From: Boqun Feng <boqun.feng@gmail.com>

The semantics of various irq disabling guards match what
*_irq_{disable,enable}() provide, i.e. the interrupt disabling is
properly nested, therefore it's OK to switch to use
*_irq_{disable,enable}() primitives.

Signed-off-by: Boqun Feng <boqun.feng@gmail.com>
Signed-off-by: Boqun Feng <boqun@kernel.org>
Link: https://patch.msgid.link/20260121223933.1568682-17-lyude@redhat.com
---
 include/linux/spinlock.h | 26 ++++++++++++--------------
 1 file changed, 12 insertions(+), 14 deletions(-)

diff --git a/include/linux/spinlock.h b/include/linux/spinlock.h
index 9d6012ac929d..0b4023b67f43 100644
--- a/include/linux/spinlock.h
+++ b/include/linux/spinlock.h
@@ -571,12 +571,12 @@ DECLARE_LOCK_GUARD_1_ATTRS(raw_spinlock_nested, __acquires(_T), __releases(*(raw
 #define class_raw_spinlock_nested_constructor(_T) WITH_LOCK_GUARD_1_ATTRS(raw_spinlock_nested, _T)
 
 DEFINE_LOCK_GUARD_1(raw_spinlock_irq, raw_spinlock_t,
-		    raw_spin_lock_irq(_T->lock),
-		    raw_spin_unlock_irq(_T->lock))
+		    raw_spin_lock_irq_disable(_T->lock),
+		    raw_spin_unlock_irq_enable(_T->lock))
 DECLARE_LOCK_GUARD_1_ATTRS(raw_spinlock_irq, __acquires(_T), __releases(*(raw_spinlock_t **)_T))
 #define class_raw_spinlock_irq_constructor(_T) WITH_LOCK_GUARD_1_ATTRS(raw_spinlock_irq, _T)
 
-DEFINE_LOCK_GUARD_1_COND(raw_spinlock_irq, _try, raw_spin_trylock_irq(_T->lock))

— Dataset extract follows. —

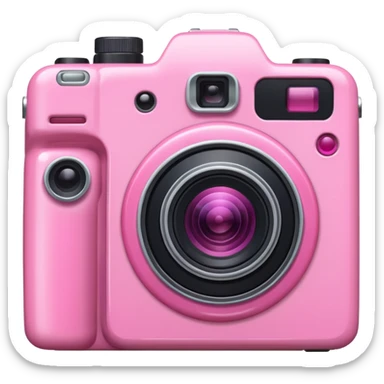 pink meet camera  sticker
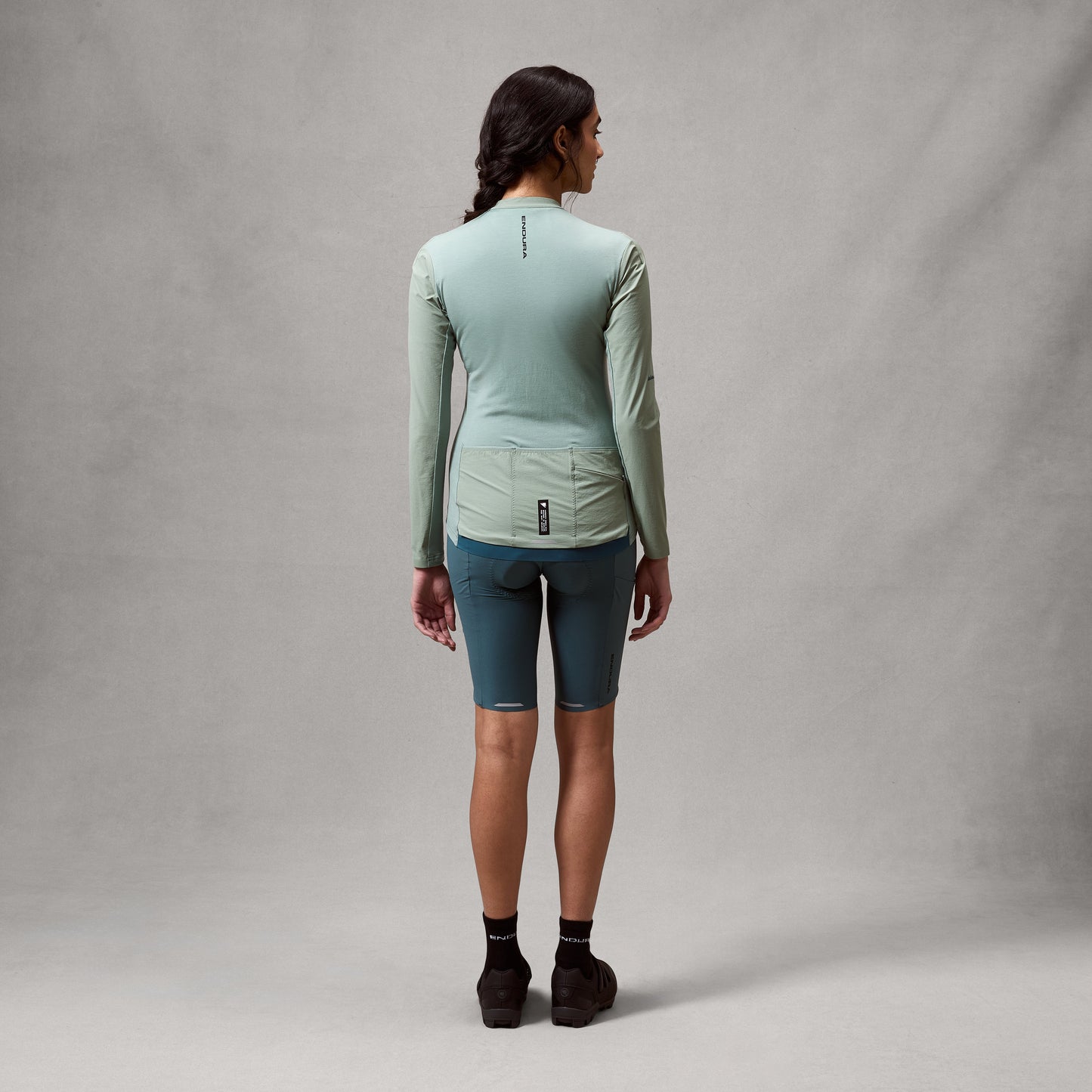 ENDURA ALLTRACK RIDE Dámský dres s dlouhým rukávem Sage Green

+DEFINE_LOCK_GUARD_1_COND(raw_spinlock_irq, _try, raw_spin_trylock_irq_disable(_T->lock))
 DECLARE_LOCK_GUARD_1_ATTRS(raw_spinlock_irq_try, __acquires(_T), __releases(*(raw_spinlock_t **)_T))
 #define class_raw_spinlock_irq_try_constructor(_T) WITH_LOCK_GUARD_1_ATTRS(raw_spinlock_irq_try, _T)
 
@@ -591,14 +591,13 @@ DECLARE_LOCK_GUARD_1_ATTRS(raw_spinlock_bh_try, __acquires(_T), __releases(*(raw
 #define class_raw_spinlock_bh_try_constructor(_T) WITH_LOCK_GUARD_1_ATTRS(raw_spinlock_bh_try, _T)
 
 DEFINE_LOCK_GUARD_1(raw_spinlock_irqsave, raw_spinlock_t,
-		    raw_spin_lock_irqsave(_T->lock, _T->flags),
-		    raw_spin_unlock_irqrestore(_T->lock, _T->flags),
-		    unsigned long flags)
+		    raw_spin_lock_irq_disable(_T->lock),
+		    raw_spin_unlock_irq_enable(_T->lock))

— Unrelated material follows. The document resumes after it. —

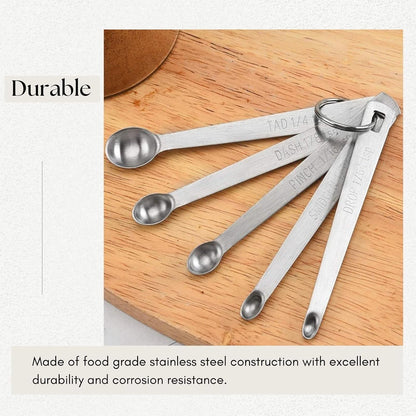Measuring Spoons Set, 1 tbsp, 1/2 tbsp, and 1-1/16tsp Stainless Steel Measuring Spoons for Cooking Baking Spice Jars and Liquid Ingredients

 DECLARE_LOCK_GUARD_1_ATTRS(raw_spinlock_irqsave, __acquires(_T), __releases(*(raw_spinlock_t **)_T))
 #define class_raw_spinlock_irqsave_constructor(_T) WITH_LOCK_GUARD_1_ATTRS(raw_spinlock_irqsave, _T)
 
 DEFINE_LOCK_GUARD_1_COND(raw_spinlock_irqsave, _try,
-			 raw_spin_trylock_irqsave(_T->lock, _T->flags))

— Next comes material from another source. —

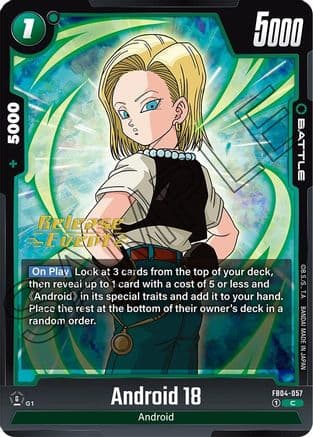 Android 18 — Ultra Limit Release Event Cards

+			 raw_spin_trylock_irq_disable(_T->lock))
 DECLARE_LOCK_GUARD_1_ATTRS(raw_spinlock_irqsave_try, __acquires(_T), __releases(*(raw_spinlock_t **)_T))
 #define class_raw_spinlock_irqsave_try_constructor(_T) WITH_LOCK_GUARD_1_ATTRS(raw_spinlock_irqsave_try, _T)
 
@@ -617,13 +616,13 @@ DECLARE_LOCK_GUARD_1_ATTRS(spinlock_try, __acquires(_T), __releases(*(spinlock_t
 #define class_spinlock_try_constructor(_T) WITH_LOCK_GUARD_1_ATTRS(spinlock_try, _T)
 
 DEFINE_LOCK_GUARD_1(spinlock_irq, spinlock_t,
-		    spin_lock_irq(_T->lock),
-		    spin_unlock_irq(_T->lock))
+		    spin_lock_irq_disable(_T->lock),
+		    spin_unlock_irq_enable(_T->lock))
 DECLARE_LOCK_GUARD_1_ATTRS(spinlock_irq, __acquires(_T), __releases(*(spinlock_t **)_T))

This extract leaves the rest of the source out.